A single word of testimony at a medical malpractice trial has cost a Pennsylvania lawyer a nearly $1 million fine she says threatens her home, her family and her small law firm.
Insurance defense attorney Nancy Raynor says her assets have been frozen and a lien put on her home because her witness had a slip of the tongue during a 2012 trial.
A Philadelphia judge had ruled that jurors were not to hear that a deceased lung-cancer patient had been a smoker. Two weeks into the trial, Raynor asked her expert witness about the patient’s cardiac-risk factors.
“The patient was a smoker. The patient was hypertensive. So yes, I mean, those are big risk factors,” Dr. John Kelly replied.
The testimony caused a mistrial, and the opposing lawyers later asked the judge to sanction Raynor to cover the time and expense of retrying the four-week case. Common Pleas Judge Paul P. Panepinto Jr. agreed.
“She failed to advise Dr. Kelly of the order before she asked a question certain to elicit testimony of smoking,” lawyers Matthew D’Annunzio and Joseph Messa argued in a brief.
Raynor insists the mistake was Kelly’s, not her own.
“To think that someone as seasoned as I am is going to disobey a court order that was so seminal to the case is just ludicrous,” Raynor, 54, of Berwyn, said last week. “A lawyer is not always able to control her witness.”
A hearing Feb. 19 will determine if the sanctions will be stayed while she appeals.
“Obviously, every lawyer has an obligation to instruct every witness about the (court’s) limitation. But $1 million? I don’t recall ever hearing of a $1 million fine,” said Lawrence Fox, a Philadelphia lawyer who teaches legal ethics at Yale Law School.
Raynor and her witness – Kelly is a former chief of staff at Einstein University Medical Center – gave vastly different statements at a 2014 sanctions hearing.
Raynor insisted that she told him about the ‘smoking’ ban several times, including that day, although she had not said that the day of the mishap. Her clients – an emergency room doctor and his insurance representative – said they heard the courthouse conversation.

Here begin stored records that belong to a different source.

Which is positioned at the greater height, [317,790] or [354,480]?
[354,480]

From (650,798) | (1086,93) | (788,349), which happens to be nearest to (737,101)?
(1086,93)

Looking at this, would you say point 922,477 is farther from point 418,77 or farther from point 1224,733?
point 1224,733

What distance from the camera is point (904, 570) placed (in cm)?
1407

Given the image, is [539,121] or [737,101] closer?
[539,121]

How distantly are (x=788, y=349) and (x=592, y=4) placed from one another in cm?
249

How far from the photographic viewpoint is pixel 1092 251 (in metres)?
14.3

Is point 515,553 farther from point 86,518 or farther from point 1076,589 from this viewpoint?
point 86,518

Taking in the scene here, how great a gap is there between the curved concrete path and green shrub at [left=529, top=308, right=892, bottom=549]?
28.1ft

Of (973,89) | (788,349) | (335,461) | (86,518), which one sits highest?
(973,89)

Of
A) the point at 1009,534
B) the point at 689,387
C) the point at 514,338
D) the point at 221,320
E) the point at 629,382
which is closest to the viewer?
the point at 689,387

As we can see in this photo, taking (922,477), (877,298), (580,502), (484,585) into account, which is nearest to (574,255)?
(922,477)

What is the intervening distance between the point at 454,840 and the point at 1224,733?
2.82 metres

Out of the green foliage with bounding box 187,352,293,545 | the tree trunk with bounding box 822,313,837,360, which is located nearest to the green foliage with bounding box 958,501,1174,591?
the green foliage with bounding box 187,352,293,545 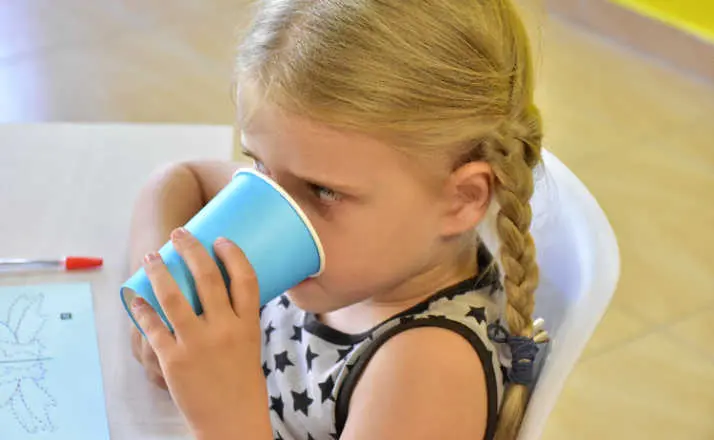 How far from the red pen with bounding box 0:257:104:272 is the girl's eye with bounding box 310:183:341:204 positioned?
28cm

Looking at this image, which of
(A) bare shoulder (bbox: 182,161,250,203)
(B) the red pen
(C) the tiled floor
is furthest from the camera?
(C) the tiled floor

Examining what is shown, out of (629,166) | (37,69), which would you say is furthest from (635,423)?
(37,69)

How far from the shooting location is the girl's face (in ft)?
2.26

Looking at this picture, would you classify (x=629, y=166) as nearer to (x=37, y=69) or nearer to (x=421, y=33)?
(x=37, y=69)

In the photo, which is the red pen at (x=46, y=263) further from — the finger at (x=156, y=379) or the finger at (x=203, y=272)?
the finger at (x=203, y=272)

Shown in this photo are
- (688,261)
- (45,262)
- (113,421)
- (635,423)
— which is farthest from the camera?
(688,261)

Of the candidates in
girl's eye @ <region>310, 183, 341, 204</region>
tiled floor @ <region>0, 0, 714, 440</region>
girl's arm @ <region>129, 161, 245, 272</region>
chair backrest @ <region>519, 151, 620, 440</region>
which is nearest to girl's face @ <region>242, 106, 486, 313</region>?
girl's eye @ <region>310, 183, 341, 204</region>

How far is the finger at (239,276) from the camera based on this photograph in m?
0.64

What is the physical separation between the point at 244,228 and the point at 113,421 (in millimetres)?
212

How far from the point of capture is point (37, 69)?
1.81 m

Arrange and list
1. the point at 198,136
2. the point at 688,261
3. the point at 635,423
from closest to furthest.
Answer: the point at 198,136, the point at 635,423, the point at 688,261

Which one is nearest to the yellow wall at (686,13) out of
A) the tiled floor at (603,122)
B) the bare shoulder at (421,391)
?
the tiled floor at (603,122)

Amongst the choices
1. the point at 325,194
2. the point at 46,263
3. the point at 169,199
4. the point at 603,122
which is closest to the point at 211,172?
the point at 169,199

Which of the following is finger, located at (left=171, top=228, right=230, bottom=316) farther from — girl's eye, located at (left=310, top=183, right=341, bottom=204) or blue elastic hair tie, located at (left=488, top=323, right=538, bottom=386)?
blue elastic hair tie, located at (left=488, top=323, right=538, bottom=386)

“I think that Dr. Kelly was under pressure, he made a mistake,” Raynor testified at the sanctions hearing.
Kelly said he had been surprised when his remark caused a stir.
“I did not discuss the order of smoking that morning, no,” he told Panepinto.
He said he could not recall if he had received any earlier warning.
The trial continued after his May 31, 2012, utterance, but Panepinto later threw out the $190,000 verdict and awarded the patient’s family a new trial. The second jury awarded the family nearly $2 million – even though that judge allowed testimony that she smoked.
Raynor was defending Dr. Jeffrey Geller in the trial, who was accused along with Roxborough Hospital and a second doctor of missing a suspect nodule on patient Rosalind Wilson’s chest X-ray. Wilson, then 67, was diagnosed more than a year later with terminal lung cancer.
“To whop someone with unprecedented, $1 million sanctions that are going to drive someone out of business over this testimony is … egregious,” said Raynor, who has one child still in college. “I think they were just unhappy with the (first) verdict and wanted to blame it on me.”
Separately, Raynor had been hit with a $44,000 sanction by a different judge who heard pretrial issues in the case, over a complaint she sent to the employer of a plaintiff’s witness about her potential testimony.
The Pennsylvania Medical Society plans to file an amicus brief to support Raynor’s appeal of the larger fine. They fear the sanctions could have a chilling effect on defense lawyers.
“It would give a lawyer pause before putting on a full-court press … (because) it could put themselves and their families in jeopardy,” said Dr. Scott Shapiro, an Abington cardiologist who is the medical society’s incoming president.
Panepinto has not yet issued a memo to explain the sanctions. But D’Annunzio and Messa, who would share the $946,000 judgment with Wilson’s family, say the order simply compensates them for their time, and does not include punitive damages.
“The way to ensure fairness to both sides in a lawsuit is to follow the rules,” Messa said Friday.